It generated the SQL query and completed the task in three attempts (see the bottom of the image). This means it generated an initial query to solve the task, executed it in a sandbox, encountered an error, fixed it, encountered another error, fixed it again, and finally produced a working SQL query and returned the execution result.
You can review the entire process step by step. By comparing the “Execution Result” with “Your Current DB Tables,” you can verify whether the query behaves as expected. We plan to further automate this verification process to assist users with validation. For more details, please visit
Roadmap page.
And as you can see this method isolates the task and uses only required tables and columns. This was the main purpose of using the sandbox.
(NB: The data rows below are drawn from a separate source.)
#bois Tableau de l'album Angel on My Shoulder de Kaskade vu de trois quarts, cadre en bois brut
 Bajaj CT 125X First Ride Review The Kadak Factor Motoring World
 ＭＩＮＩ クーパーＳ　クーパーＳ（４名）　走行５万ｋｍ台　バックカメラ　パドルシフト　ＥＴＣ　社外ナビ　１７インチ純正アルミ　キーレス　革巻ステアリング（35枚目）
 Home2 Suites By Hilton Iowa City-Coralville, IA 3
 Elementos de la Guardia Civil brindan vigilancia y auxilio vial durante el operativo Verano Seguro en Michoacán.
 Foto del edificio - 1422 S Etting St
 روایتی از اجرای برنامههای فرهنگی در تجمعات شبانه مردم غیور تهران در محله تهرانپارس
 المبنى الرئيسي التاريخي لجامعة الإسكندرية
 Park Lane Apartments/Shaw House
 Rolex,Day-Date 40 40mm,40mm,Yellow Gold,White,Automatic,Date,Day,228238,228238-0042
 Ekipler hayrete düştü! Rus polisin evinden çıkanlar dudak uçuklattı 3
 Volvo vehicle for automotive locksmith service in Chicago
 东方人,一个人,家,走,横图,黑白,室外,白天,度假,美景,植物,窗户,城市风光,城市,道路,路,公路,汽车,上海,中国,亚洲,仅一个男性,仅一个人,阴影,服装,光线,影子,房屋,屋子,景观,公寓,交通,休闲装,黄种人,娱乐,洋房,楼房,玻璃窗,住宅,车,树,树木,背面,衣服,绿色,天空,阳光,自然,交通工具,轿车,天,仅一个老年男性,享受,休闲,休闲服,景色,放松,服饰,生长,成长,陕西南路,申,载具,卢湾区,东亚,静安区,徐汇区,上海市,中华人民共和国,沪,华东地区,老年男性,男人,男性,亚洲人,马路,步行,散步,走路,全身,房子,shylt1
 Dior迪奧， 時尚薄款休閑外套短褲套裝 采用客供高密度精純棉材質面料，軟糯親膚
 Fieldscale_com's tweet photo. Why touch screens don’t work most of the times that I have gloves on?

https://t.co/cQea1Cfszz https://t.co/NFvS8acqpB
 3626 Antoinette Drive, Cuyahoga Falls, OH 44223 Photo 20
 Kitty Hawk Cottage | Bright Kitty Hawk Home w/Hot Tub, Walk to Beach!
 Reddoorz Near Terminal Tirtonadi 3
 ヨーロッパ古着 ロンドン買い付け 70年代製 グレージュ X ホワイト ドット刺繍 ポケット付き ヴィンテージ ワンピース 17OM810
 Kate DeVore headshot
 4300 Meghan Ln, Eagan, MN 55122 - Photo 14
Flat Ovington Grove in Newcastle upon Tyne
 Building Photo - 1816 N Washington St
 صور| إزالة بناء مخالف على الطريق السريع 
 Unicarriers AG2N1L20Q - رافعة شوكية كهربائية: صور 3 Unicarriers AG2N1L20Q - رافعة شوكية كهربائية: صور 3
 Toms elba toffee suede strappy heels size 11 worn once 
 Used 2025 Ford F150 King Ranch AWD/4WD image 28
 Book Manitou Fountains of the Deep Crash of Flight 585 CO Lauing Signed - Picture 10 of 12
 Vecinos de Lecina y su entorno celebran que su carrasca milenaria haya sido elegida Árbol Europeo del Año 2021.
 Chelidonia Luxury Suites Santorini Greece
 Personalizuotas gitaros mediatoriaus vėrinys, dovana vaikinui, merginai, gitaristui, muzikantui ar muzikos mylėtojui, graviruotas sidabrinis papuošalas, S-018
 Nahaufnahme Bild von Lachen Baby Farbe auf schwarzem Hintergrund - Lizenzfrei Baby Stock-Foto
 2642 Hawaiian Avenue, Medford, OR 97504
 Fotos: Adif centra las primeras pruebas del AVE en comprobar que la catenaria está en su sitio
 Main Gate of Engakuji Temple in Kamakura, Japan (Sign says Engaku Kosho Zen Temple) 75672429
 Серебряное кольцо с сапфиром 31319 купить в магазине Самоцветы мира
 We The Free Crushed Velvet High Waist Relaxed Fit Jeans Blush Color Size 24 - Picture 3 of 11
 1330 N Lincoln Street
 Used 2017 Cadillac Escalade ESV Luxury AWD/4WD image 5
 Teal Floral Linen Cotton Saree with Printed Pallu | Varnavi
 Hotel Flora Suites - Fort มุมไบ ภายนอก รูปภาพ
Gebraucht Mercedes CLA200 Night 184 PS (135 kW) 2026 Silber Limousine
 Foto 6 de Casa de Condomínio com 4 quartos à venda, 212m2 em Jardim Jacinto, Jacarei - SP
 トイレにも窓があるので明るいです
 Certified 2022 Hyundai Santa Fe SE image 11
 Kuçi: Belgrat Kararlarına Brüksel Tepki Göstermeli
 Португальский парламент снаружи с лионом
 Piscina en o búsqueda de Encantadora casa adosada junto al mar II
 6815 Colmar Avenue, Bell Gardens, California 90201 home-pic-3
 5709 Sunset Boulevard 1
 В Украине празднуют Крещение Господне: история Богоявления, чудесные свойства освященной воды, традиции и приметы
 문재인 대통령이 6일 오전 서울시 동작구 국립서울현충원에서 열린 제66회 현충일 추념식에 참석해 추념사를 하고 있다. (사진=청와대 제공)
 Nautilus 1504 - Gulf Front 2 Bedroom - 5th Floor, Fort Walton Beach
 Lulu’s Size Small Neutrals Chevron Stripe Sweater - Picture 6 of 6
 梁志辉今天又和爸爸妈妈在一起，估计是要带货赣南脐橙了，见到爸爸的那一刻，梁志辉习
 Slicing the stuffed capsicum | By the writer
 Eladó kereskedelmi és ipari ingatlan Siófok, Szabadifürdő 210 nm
Tip: If you didn't get the result you expected (in "current db tables", in mock schema generation, in "Execution result"), spent 2-3 mins to understand, if you see that it differs a lot, just start New Chat and ask again the same prompt.
Another Tip: If you will give a super complex task, even with 50 New chat itterations you can not get the expected result. In this case please decompose task into smaller parts by yourself and give each part separately to QueryVerify. It will require you to build entire final query by yourself, but it will be much faster and you will be sure that each part is working as expected. To understand is it complex or not, just try 3,4 New chat iterations and see if it works.
Instead of Scientific results
We have tested the `How to check if all {pattern}_id foreign columns have indexes or not through all tables` complex prompt with nano models and it was performed successfully in 2 iterations (with 1 error). That means this technique can be used to generate working SQL queries efficiently.